The next day things started going wrong. Kevin tried to change a 100-dollar bill and the bank rejected it - it was a counterfeit. They contacted Rob at the Operation Lifeline Sudan headquarters at Girgiri on the outskirts of Nairobi, but further disappointment was in store for them. The plan had been that they would fly in on a food drop, and spend about a week on the ground before being picked up on the next food delivery, but an upsurge in fighting meant it was unsafe for the planes to land, and the aid flights had been suspended. Their trip was put on hold - indefinitely.
Every day they went out to the UN compound to see if the situation had changed, but for five days they got the same negative answer. The disappointment built up in the tiny hotel room. Joao was furious, unhappy. All his careful planning was going down the toilet. Time passed slowly and painfully; they spent sparingly and ate in increasingly cheap restaurants. They did the rounds of the aid agencies, to see if any of the other organizations were flying in, despite the fighting. They abandoned the more expensive personal taxis and began using matatus - the colourful local minibus taxis which pack in up to 20 passengers. The drivers seemed to be in competition as to who could fit the largest disco speakers in their vehicles. When the buses were very full, the speakers would serve as seats, and on one such crammed trip Kevin had to sit on a speaker. The reggae that blared out of the speaker was too loud for anyone to speak and be heard, so Kevin sat back with an amused look of contentment, and took the occasional picture through the window with his cherished old Leica M3.

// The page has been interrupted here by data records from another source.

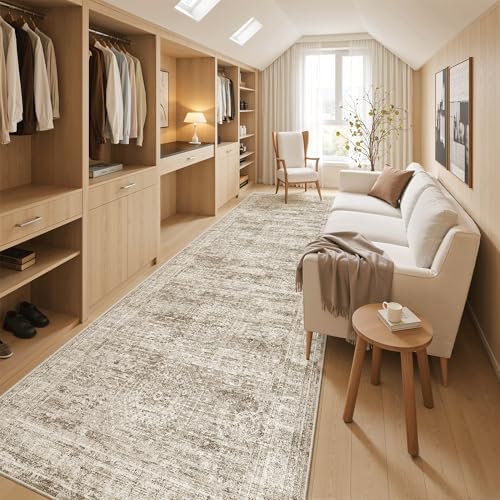 Soalmost Washable 3x10 Hallway Runner Rug Non-Slip Kitchen Entry Rugs Brown - Image 4
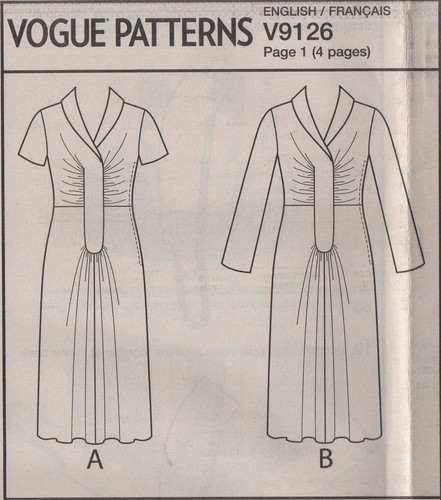 Vestido Vogue Costura Patrón 9126 Vintage Años 40 con Panel Frontal y Pliegues Talla 14-22 - Imagen 2 de 13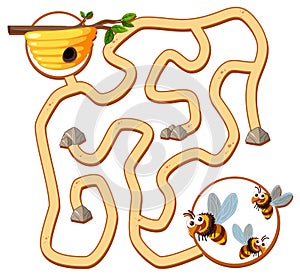 Maze game template in honeybee theme for kids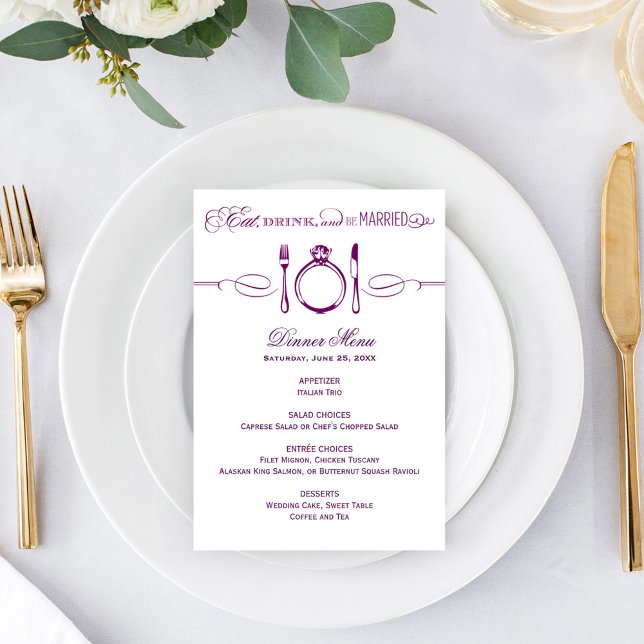 Eat Drink and Be Married Purple Wedding Dinner Menu (Creator Uploaded)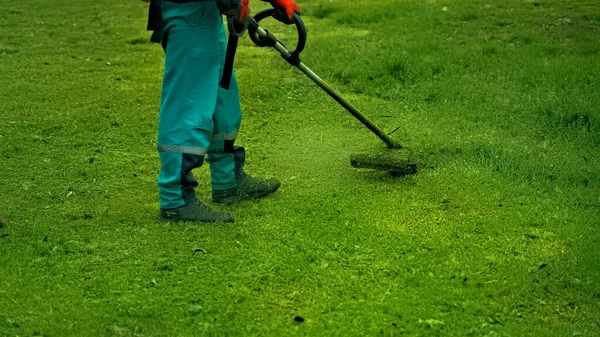 Parkta çim biçme makinesi olan bir adam çimleri temizliyor.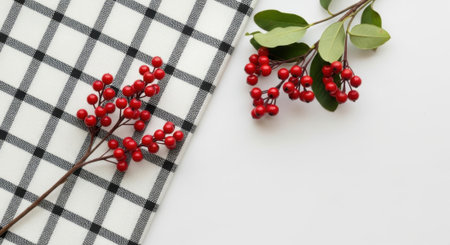 Overhead shot of red berries with green leaves on a plaid cloth and white background, creating a festive and natural arrangement.の素材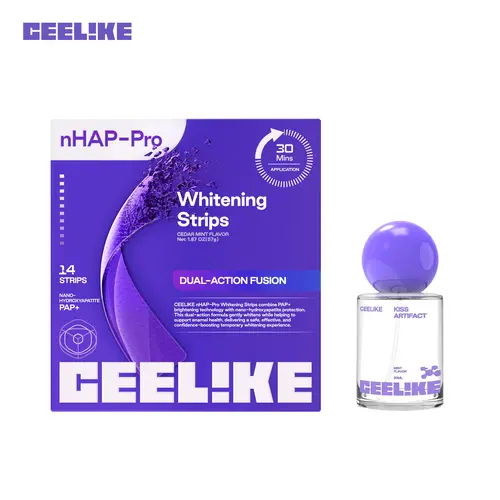 CEELIKE nHAP-Pro White Teeth Whitening Set - Fluoride-Free Hydroxyapatite Teeth Strips + Mint Fresh Breath Oral Spray, 5% Hydroxyapatite + 8% PAP Formula, Easy At-Home Brightening, Daily Oral Care Fresh Breath Solution, Fluoride-Free Hydroxyapatite Teeth
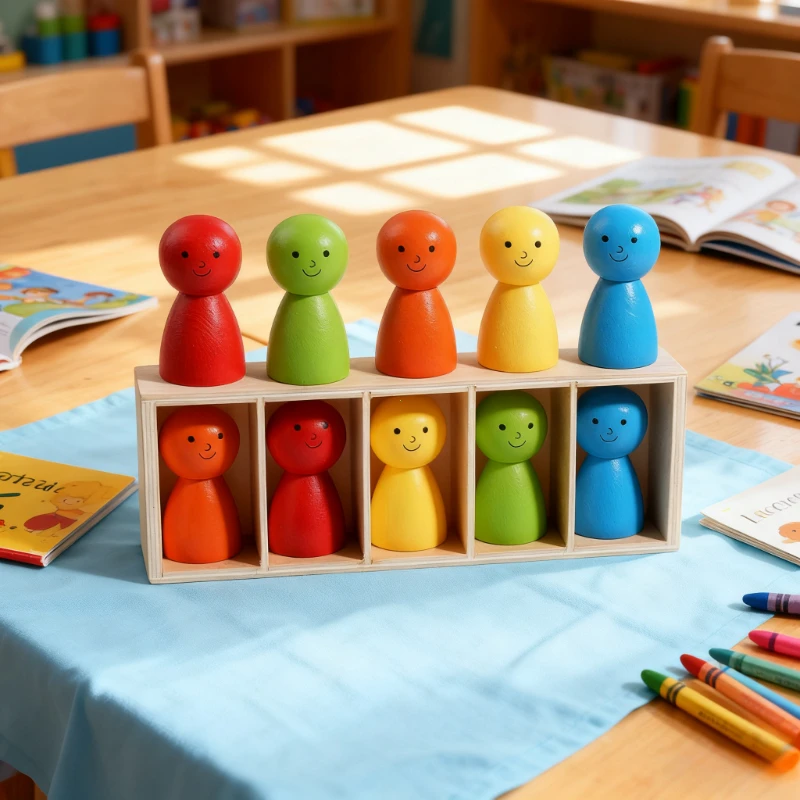 Montessori Color Třídění hraček Barva odpovídající smyslová hra dřevěná barva panenky odpovídající rané vzdělávání učení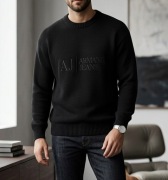 Armani Jeans czarny sweter męski L XL 100% bawełna elegancki casual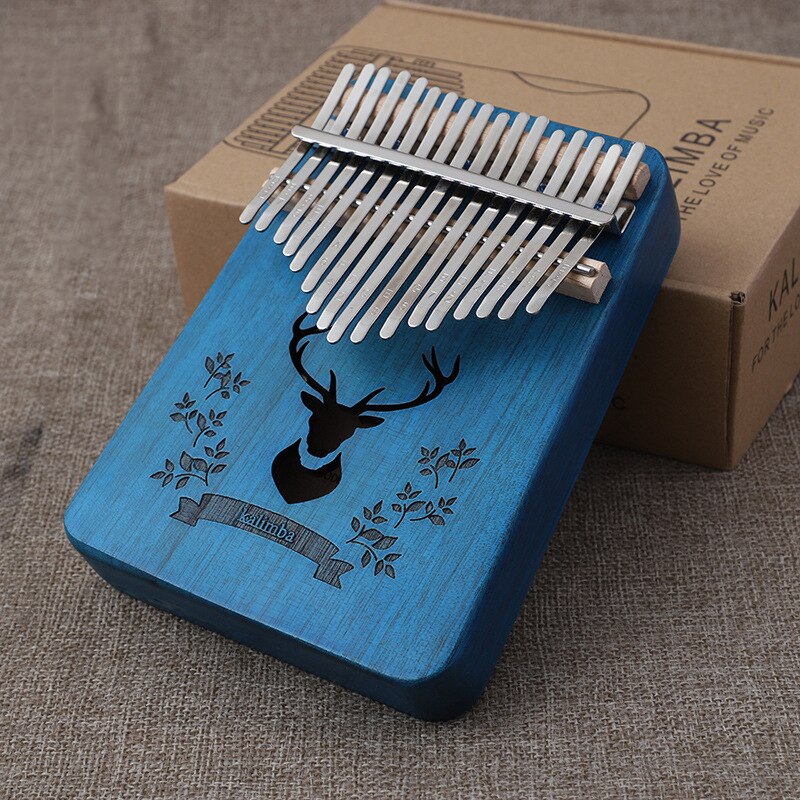 Guanteletes perfectos de 17 teclas, Piano de caoba, kalimba, instrumento Musical para principiantes, Piano de pulgar con accesorio, musical acústico de madera i: Blue deer
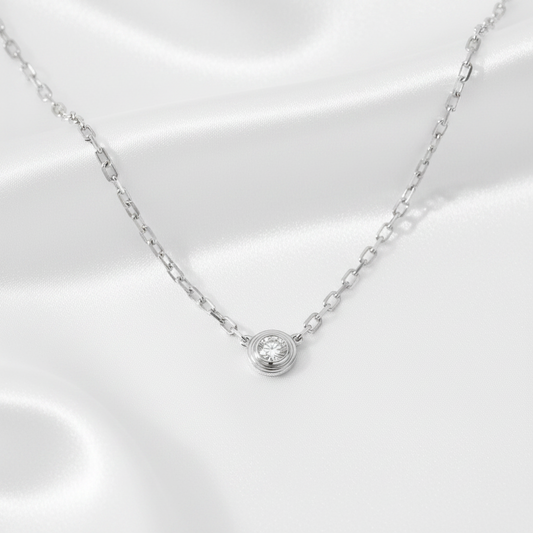 Cartier Damour Necklace SM White Gold (18K) Diamond Men,Women Fashion Pendant Necklace (Silver)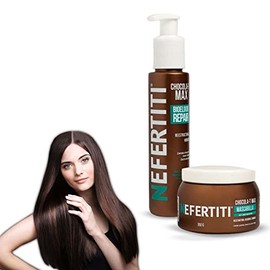 Nefertiti Kit Mascarilla Doble Keratina  Bioelixir Nefertiti Chocola-T Max Tratamiento para el Cabello Severamente Daado y Procesado, Revitaliza y...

In spite of their lack of progress, Kevin was having a good time. All he could talk about was how this trip was going to work out and how everything was going to be great. He made plans to resign from the Weekly Mail, go freelance and pursue a relationship with Kathy - get some stability in his life. Joao, on the other hand, was uptight. The pressure was getting to him, he had sold the trip to The Star and Newsweek on the strength of combat images, and there he was, stuck in Nairobi with little hope of getting near the fighting any time soon.
Then suddenly there was a UN trip to Juba-a besieged, government-held town in the south of Sudan. A barge carrying food aid had been travelling up the Nile and had finally made it to Juba. It was an ‘in-and-out’, a one-day affair. Since Kevin had the guarantee from the AP, the UN put him on the plane flying in. There was no room for Joao, who had to stay behind. He was livid. Joao had done most of the preparatory work, set up the main part of the trip, and Kevin, who had mostly just followed his lead, was getting into Sudan while he cooled his heels. He assumed the worst: this was it - there would be no other chance to get to Sudan and he would return home without having shot a frame.

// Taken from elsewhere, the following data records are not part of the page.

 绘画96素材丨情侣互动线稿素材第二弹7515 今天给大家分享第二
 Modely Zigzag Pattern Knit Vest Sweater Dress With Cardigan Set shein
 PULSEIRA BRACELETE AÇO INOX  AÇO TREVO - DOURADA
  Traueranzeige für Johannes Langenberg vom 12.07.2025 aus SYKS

Kevin Carter plays with children as a local villager looks at his camera in the Kenyan border settlement of Lokichokio, March 1993. (Joao Silva)
A vulture seems to stalk a starving child in the southern Sudanese hamlet of Ayod, March 1993. This picture would win Kevin Carter the Pulitzer Prize for Feature Photography. (Kevin Carter/Corbis Sygma)
Left:
Greg Marinovich covering floods in the Kwa-Zulu Natal town of Ladysmith, 1996, shortly before he left to take up a post in Jerusalem for the Associated Press. (Joao Silva)
Below:
Ken Oosterbroek, with a South African Defence Force armoured vehicle behind him, during the fall of the homeland of Ciskei, February 1994. (Joao Silva)
Right:
Kevin Carter crouches while covering clashes between the ANC and Inkatha in Alexandra township, Johannesburg. (Guy Adams)
Below:
Gary Bernard, left, and Joao Silva on a winter morning in Soweto township, July 1994. (Greg Marinovich)
Three dead men lie in the street where they were gunned down during a battle between Inkatha and the ANC in Soweto’s Dobsonville suburb. The graffiti reads ‘Remember - Life owes you nothing - you owe everything to life!!!’ (Joao Silva)
Policemen load corpses into an open trailer after a night’s violence between ANC and IFP supporters in Thokoza, July 1993. Sixty people were killed in the township that weekend. (Joao Silva)
An Inkatha supporter lies dead amongst his traditional Zulu weapons after several hundred warriors tried to storm the ANC’s headquarters, Shell House, during a march in downtown Johannesburg, 1994. Several Zulus were killed, and it became known as the Shell House Massacre. (Greg Marinovich)
Another Inkatha supporter lies dead, with his shoes taken off for his journey to the next world, as soldiers look for the sniper who killed him during the Shell House Massacre. (Greg Marinovich)
Kevin Carter during a late night shift as disk jockey at the Johannesburg station, Radio 702. (Joao Silva)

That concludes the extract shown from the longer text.